O Presidente do PS Açores criticou a preferência dada pelos governos regionais ao alojamento local, à procura externa e aos fundos imobiliários, em detrimento das famílias residentes, considerando que esta opção empurra jovens e famílias para fora do mercado da habitação e compromete projetos de vida. “A habitação não é um luxo nem um ativo financeiro, é um direito básico que permite às pessoas construir uma vida com dignidade”, afirmou.
No mesmo contexto, Francisco César reforçou que a crise da habitação é agravada pelo desperdício de fundos do PRR e pela ausência de uma estratégia pública consistente, defendendo que esta deve ser uma prioridade central de qualquer alternativa política responsável.
Na sua intervenção, o líder socialista reiterou que o PS tem a obrigação de se afirmar como alternativa democrática, apresentando soluções claras para a habitação, a saúde, a educação e a gestão das contas públicas, tanto nos Açores como na Madeira. “Não basta denunciar falhas. É preciso apresentar um rumo e provar que sabemos governar melhor”, afirmou.

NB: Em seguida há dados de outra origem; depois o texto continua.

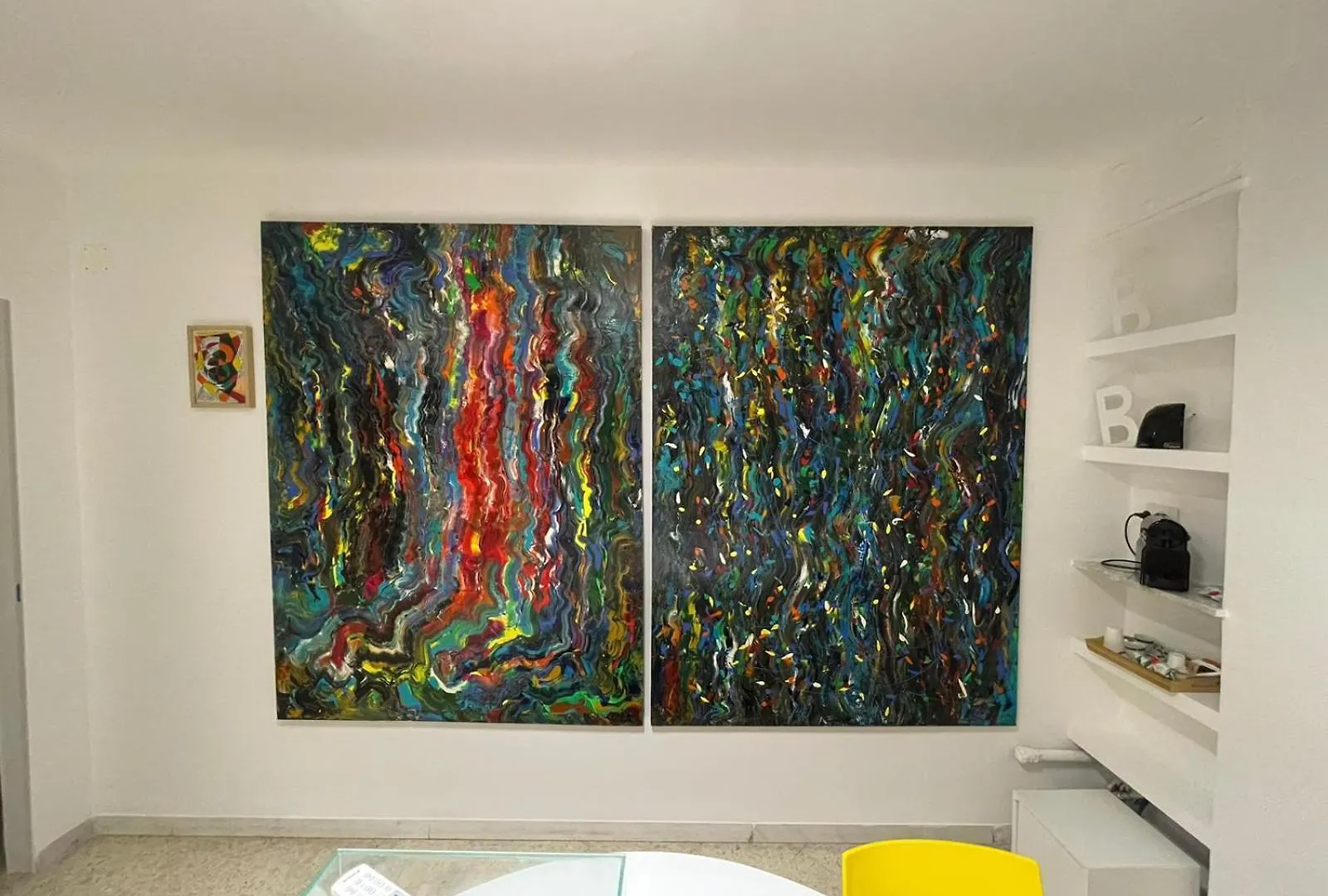 La Casa Dell'Architetto Apartment Bari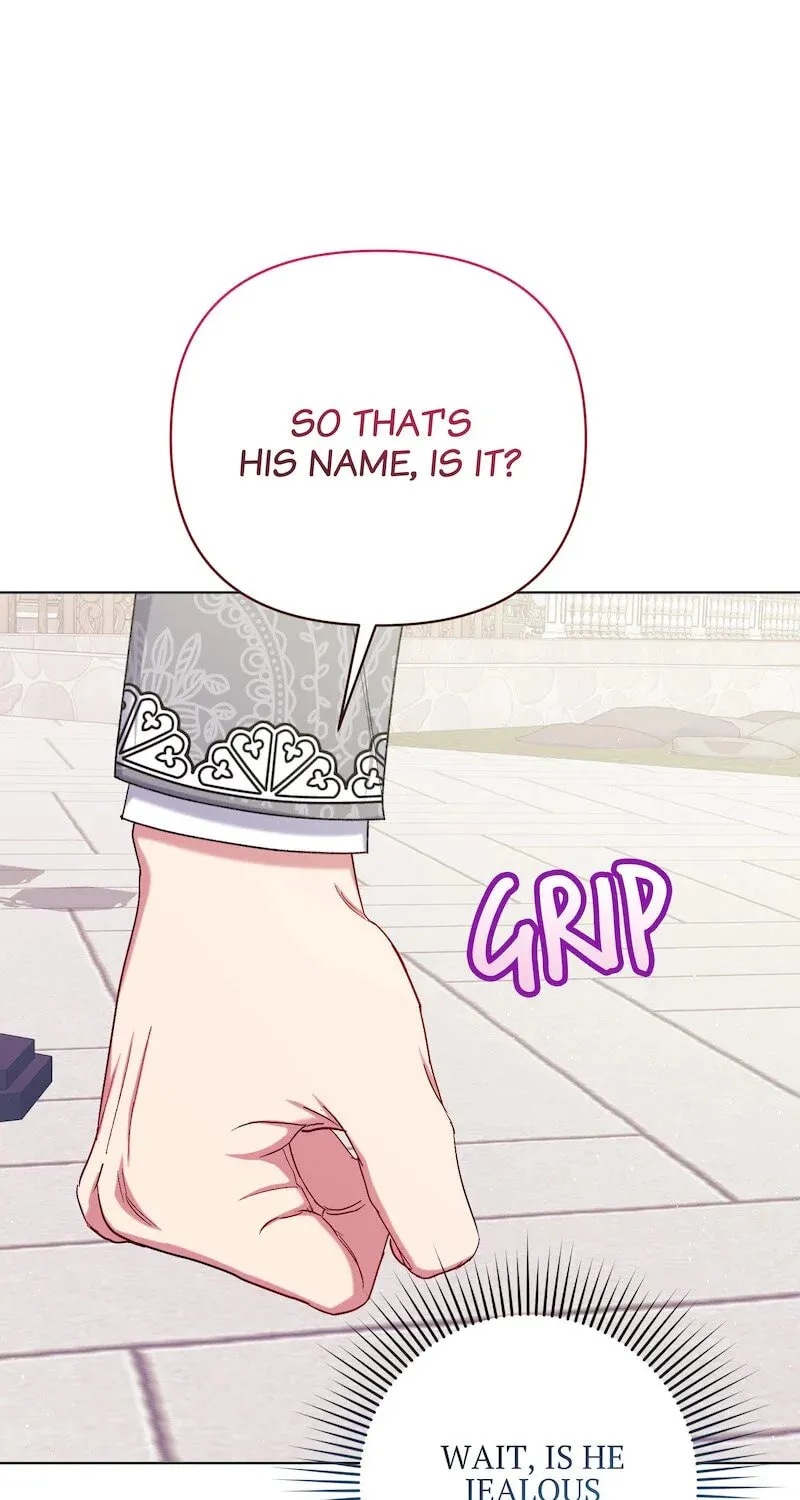 The Supporting Duck Waiting for the Breakup Chapter 11 page 30 - 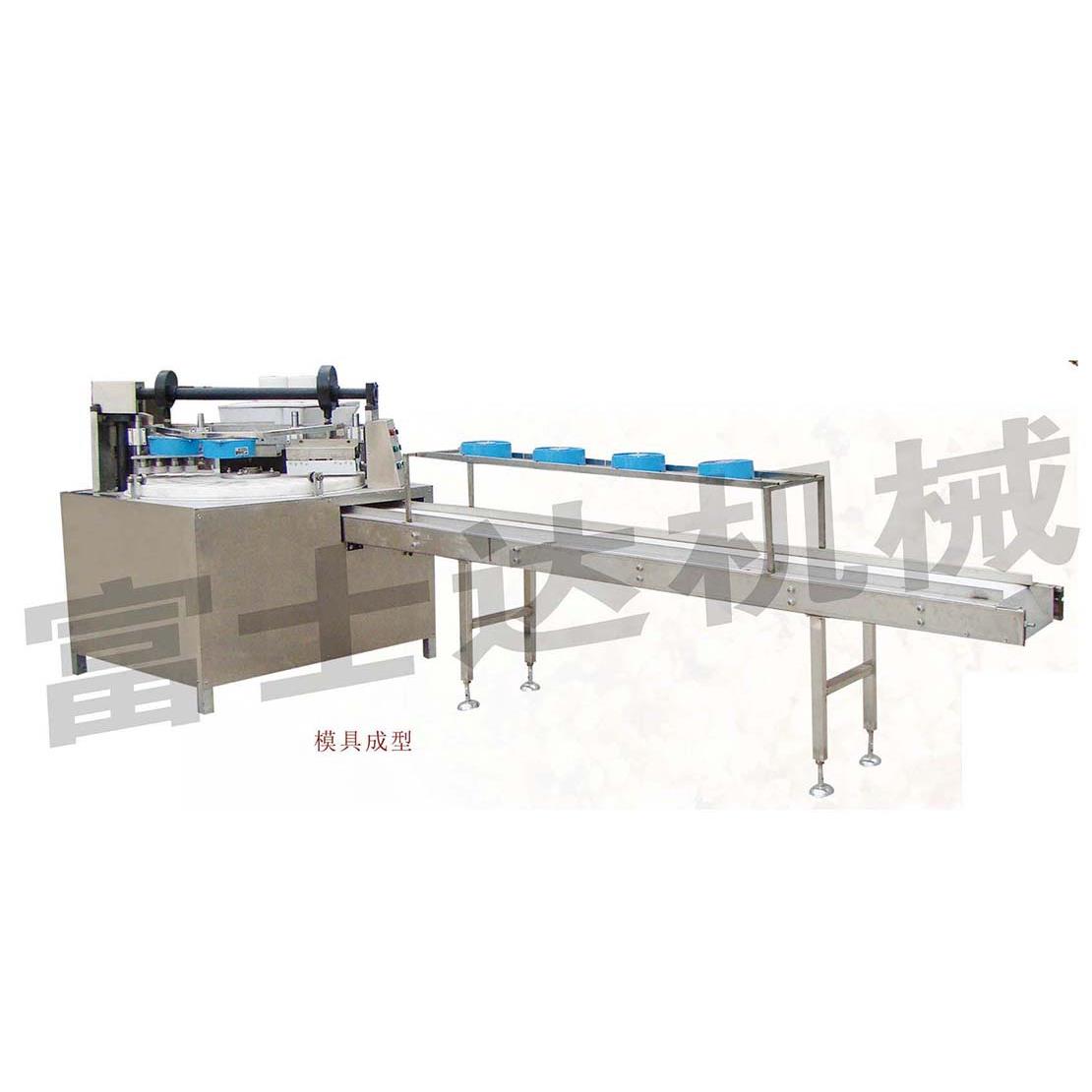 供应米成型机米花球设备米球设备米饼成型机米老头机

Francisco César deixou ainda um alerta sobre a visão do atual Governo da República relativamente às autonomias, manifestando preocupação com uma eventual redução do diferencial fiscal e com uma revisão da Lei de Finanças Regionais que possa significar menos recursos para as regiões. Ainda assim, sublinhou que a defesa da autonomia exige coerência: “Reivindicar direitos implica também assumir responsabilidades”.
A intervenção terminou com um apelo à unidade e à preparação do Partido Socialista para construir uma alternativa política sólida, à altura dos desafios colocados às regiões autónomas nos próximos anos e do legado dos 50 anos de autonomia.